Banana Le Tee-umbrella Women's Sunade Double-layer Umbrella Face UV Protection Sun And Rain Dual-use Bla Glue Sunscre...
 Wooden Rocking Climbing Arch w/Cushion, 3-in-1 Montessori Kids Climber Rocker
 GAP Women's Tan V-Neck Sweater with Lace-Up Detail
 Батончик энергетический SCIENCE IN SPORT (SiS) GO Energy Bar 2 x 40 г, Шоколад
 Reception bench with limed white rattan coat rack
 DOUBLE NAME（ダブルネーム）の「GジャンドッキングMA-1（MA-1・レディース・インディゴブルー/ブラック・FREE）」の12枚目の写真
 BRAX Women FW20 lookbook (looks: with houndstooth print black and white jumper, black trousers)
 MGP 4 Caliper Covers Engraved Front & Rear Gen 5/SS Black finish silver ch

******

WHAT IS EXPECTED: In the entries above, count the lines that include "Women" and write nothing but that number.

ANSWER BOX: 3